Quindi prosegue: “Se qualcuno vuol venire dietro a me, rinneghi se stesso, prenda la sua croce ogni giorno e mi segua” (Lc 9,23).
Alcuni hanno interpretato questo “rinnegare se stessi”, come un invito a distruggere la propria personalità, a un “non vivere”, a un umiliarsi di continuo, un “annientarsi”, un sacrificare totalmente la propria esistenza. Ma Gesù non intende questo.
Egli vuol dire che in certi momenti, in certe situazioni, di fronte a certi atteggiamenti, dobbiamo dire semplicemente “No”. “Rin-negarsi” vuol dire proprio questo: “Mi dico di no!”.
Scegliere di vivere scappando da noi stessi, dalla nostra coscienza, facendo un sacco di cose per stordirci, per non sentire il vuoto che c’è dentro di noi, non è vivere.
Ad un certo punto dobbiamo dirci: “Basta, non posso andare avanti così, adesso mi devo fermare e prendere una decisione, a qualunque costo!”. Certo, riuscire a dirci: “No... smettila... basta!”, è difficile, doloroso; ma è assolutamente necessario.
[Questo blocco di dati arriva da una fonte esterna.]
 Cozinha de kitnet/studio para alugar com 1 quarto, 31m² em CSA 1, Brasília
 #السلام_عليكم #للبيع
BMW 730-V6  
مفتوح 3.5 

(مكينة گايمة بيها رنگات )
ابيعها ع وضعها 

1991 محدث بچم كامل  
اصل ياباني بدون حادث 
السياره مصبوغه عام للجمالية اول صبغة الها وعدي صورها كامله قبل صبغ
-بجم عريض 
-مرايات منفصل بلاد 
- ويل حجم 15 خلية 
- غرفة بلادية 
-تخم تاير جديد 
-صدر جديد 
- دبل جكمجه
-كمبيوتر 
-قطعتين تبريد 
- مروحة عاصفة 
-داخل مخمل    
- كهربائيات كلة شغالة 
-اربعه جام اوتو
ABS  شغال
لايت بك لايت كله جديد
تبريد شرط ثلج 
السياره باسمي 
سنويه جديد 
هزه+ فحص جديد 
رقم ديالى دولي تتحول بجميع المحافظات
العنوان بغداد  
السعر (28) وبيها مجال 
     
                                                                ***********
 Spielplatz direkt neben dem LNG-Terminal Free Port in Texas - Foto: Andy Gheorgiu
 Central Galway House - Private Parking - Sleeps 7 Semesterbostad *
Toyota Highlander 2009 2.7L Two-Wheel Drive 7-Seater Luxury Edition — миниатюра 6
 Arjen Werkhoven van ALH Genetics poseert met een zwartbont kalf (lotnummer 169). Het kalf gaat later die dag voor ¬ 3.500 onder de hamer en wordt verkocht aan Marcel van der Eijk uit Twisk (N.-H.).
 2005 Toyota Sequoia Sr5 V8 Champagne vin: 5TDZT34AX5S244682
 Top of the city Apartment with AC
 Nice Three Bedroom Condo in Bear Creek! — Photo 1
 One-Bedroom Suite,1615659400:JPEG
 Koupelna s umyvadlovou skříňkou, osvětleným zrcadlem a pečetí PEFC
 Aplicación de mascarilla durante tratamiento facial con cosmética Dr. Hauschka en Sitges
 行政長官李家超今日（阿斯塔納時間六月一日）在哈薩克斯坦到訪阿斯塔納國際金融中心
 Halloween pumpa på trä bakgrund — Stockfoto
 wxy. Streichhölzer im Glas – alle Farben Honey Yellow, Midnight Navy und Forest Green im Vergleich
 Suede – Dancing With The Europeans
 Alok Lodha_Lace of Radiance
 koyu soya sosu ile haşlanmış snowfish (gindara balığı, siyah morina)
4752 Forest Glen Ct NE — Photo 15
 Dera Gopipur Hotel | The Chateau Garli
Del resto se non sappiamo dominarci, se quando serve non riusciamo a dirci “no”, come possiamo pensare che i nostri “sì” siano considerati veri e attendibili?
Infine Gesù chiude il vangelo dicendo: “Chi vorrà salvare la propria vita, la perderà, ma chi perderà la propria vita per me, la salverà” (Lc 9,24).
Quel verbo “salvare” (in greco sozo), vuol dire letteralmente “custodire, risparmiare, preservare”. Quindi, chi vuole risparmiarsi, chi vuol fare il dritto, chi svicola, chi non vuole mettersi in gioco, finisce per perdere la propria vita.
Chi non osa, è un perdente: quante persone purtroppo vivono l’intera vita sulla difensiva, temporeggiando, rimandando: non osano assumere un comportamento deciso, imboccare una nuova strada, abbandonare situazioni ormai stantie e usurate, cambiare abitudini, stile di vita.
È una triste constatazione: perché chi vive così, sull’indecisione, sulla difensiva, meglio ancora, sul voler salvare ad ogni costo la propria mentalità (psichè), il proprio modo di “pensare”, finirà inesorabilmente per perdere tutta la sua vitalità, ogni suo entusiasmo, insomma il meglio, l’anima della sua vita.
Allora, vale la pena meditare le parole che Gesù dice nel versetto successivo, e che non appartengono al vangelo di oggi: “Che giova all’uomo guadagnare il mondo intero, se poi si perde o rovina se stesso?” (Lc 9,25). Pensiamoci seriamente! Amen.